Workplace Safety Experts Address Delegates

2018 USW Health & Safety Conference-DAY TWO

After a full day of workshops on Wednesday, participants in the USW Health, Safety and Environment Conference heard from three experts in the field of workplace safety on Thursday morning during the last full day of the event.

Vanessa Sutherland, chairwoman of the U.S. Chemical Safety and Hazard Investigation Board (CSB), which has been threatened with closure by the White House, touted the positive changes that her organization has made to improve the lives of workers.

“This year is our 20th anniversary,” Sutherland said of the CSB. “So we are asking ourselves, how do we continue to try to reach people with new topics and lessons after 20 years?”

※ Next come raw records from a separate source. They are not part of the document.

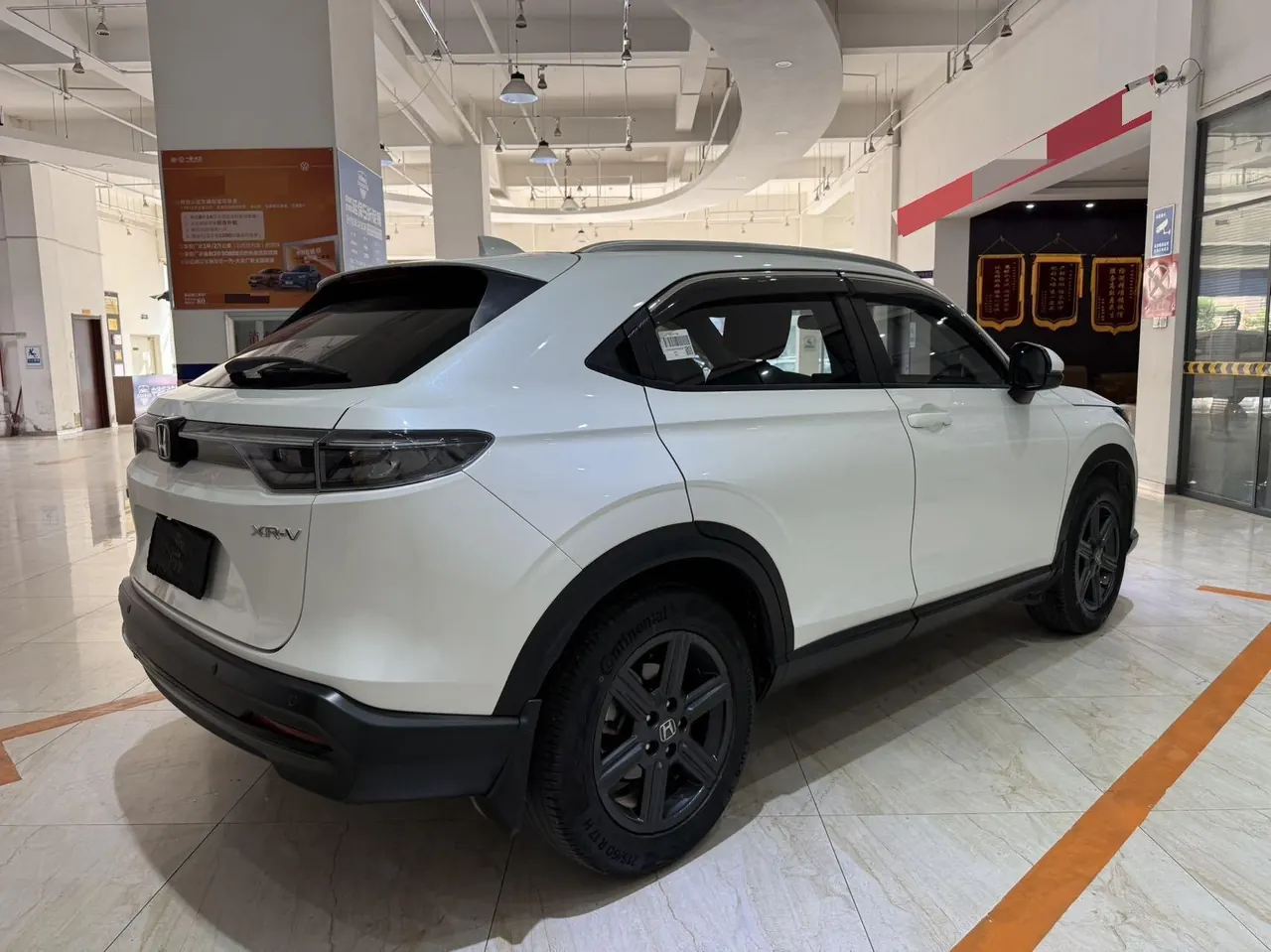 Honda 2023 XR-V 1.5 stepless thermal version of automatic gear 2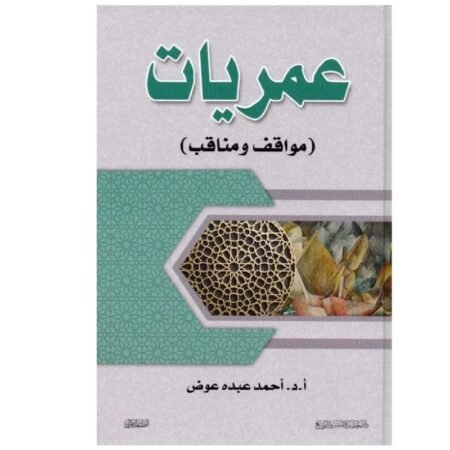 عمريات
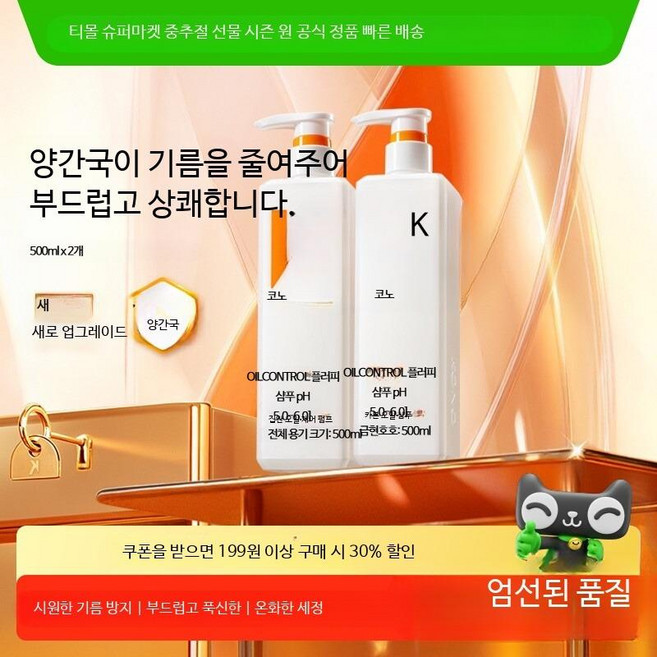 계면활성제없는 탈모방지샴푸 남성 두피케어 모발강화 천연성분 단백질샴푸 지성용탈모샴푸 추천, 1개입 500ml 부드럽고 깨끗한 샴푸 500ml, 1개, 500ml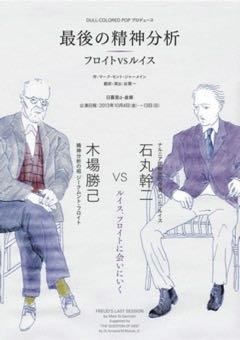 saigonoseishinbunseki1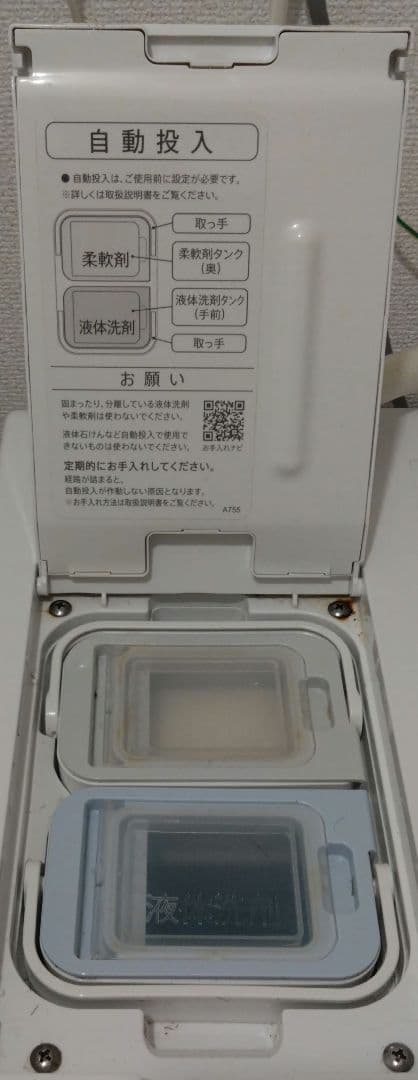 SHARP ドラム式洗濯機 ES-W114-SR　左開き　2022年製【ジャンク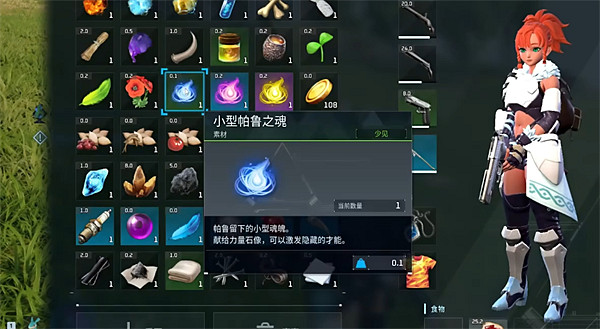 《幻獸帕魯》帕魯之魂加點方法 《幻獸帕魯》帕魯之魂加點方法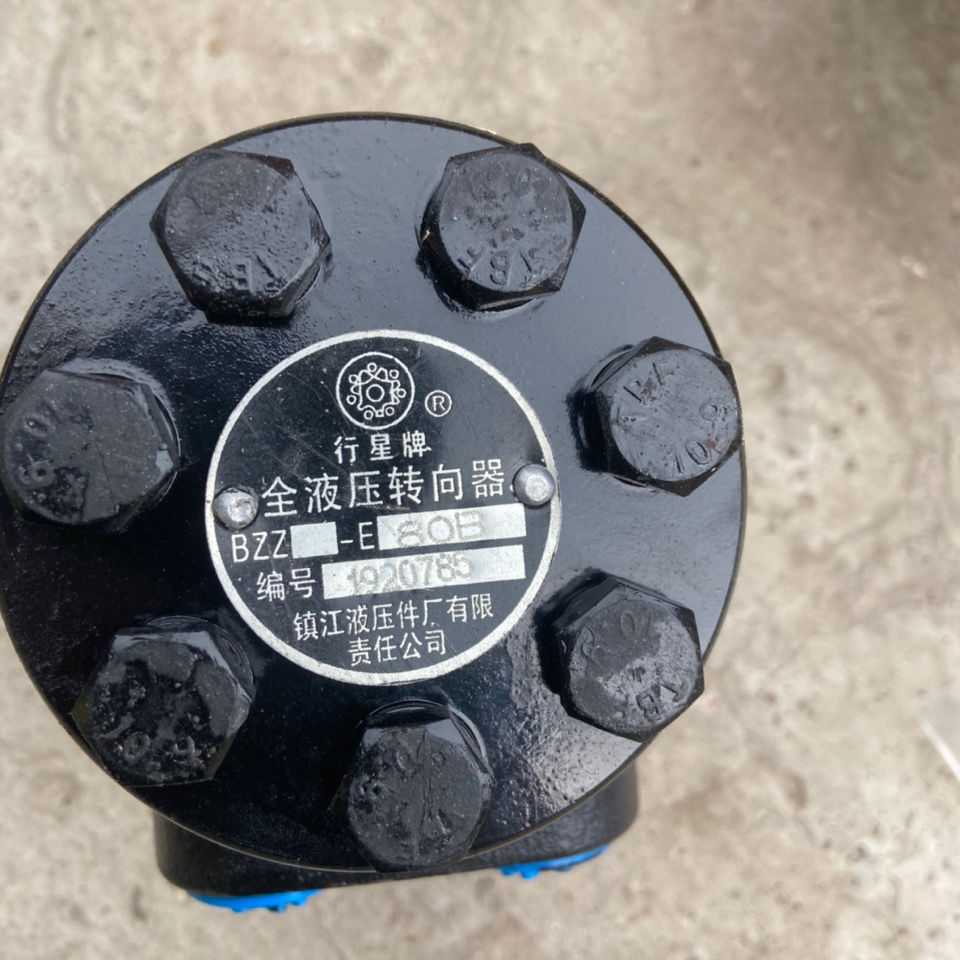 Hydraulic steering gear assembly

One way is to do a better job of communicating with workers and unions, she said, especially when highlighting successes and positive outcomes.

“We’ve tried to be more consistent, more efficient. And in every instance, we’ve tried to work with you to drive these changes,” Sutherland told the crowd, which included several hundred management representatives. “These changes have led to significant improvements at all levels.”

Sutherland urged attendees to visit the CSB web site (www.csb.gov), which has been redesigned for easier use, to gain access to the organization’s wealth of information on workplace safety issues.

“Our vision is to continue to drive change to increase protections for workers and the environment,” she said.

John Howard, former director of the National Institute for Occupational Safety and Health (NIOSH), outlined the challenges of what he called the “fourth industrial revolution” that the world is now experiencing.

This revolution, driven by technology, includes advancements such as three-dimensional printing, robotics and other processes that Howard said present new challenges to worker safety.

“We’re looking at this cyber-physical interface and trying to determine what the issues are going to be,” Howard said. “There is a lot we do not know about advanced manufacturing from a risk profile standpoint. You all are on the front lines of this.”

Todd Conklin, senior advisor at the Los Alamos National Laboratory, a Department of Energy site in New Mexico, closed out the morning session with a lengthy and lively presentation on the dangers of “blame the worker” safety programs.

Such programs, which often focus on punishment rather than finding and eliminating hazards, don’t actually make workers safer, he said.

“Workers are not the problem. Workers are the solution,” Conklin said. “Instead of constraining workers, we should be asking them what they need to do their jobs safely.”

Conklin cited automakers attempting to design “accident-free” cars as another example of a misguided approach to safety.

“We don’t need accident-free cars,” Conklin said. “We need cars where – when they do have accidents – the occupants of the vehicles live to drive another day.”

What workers and management should do – together – is not to ensure that accidents never happen but to ensure that when they do, that workers have the tools and the processes they need to avoid injury or death.

“Safety is not the absence of accidents,” he said. “Safety is the presence of capacity.”

Participants will close out the conference with a half day of workshops Thursday afternoon and another half day of workshops on Friday morning.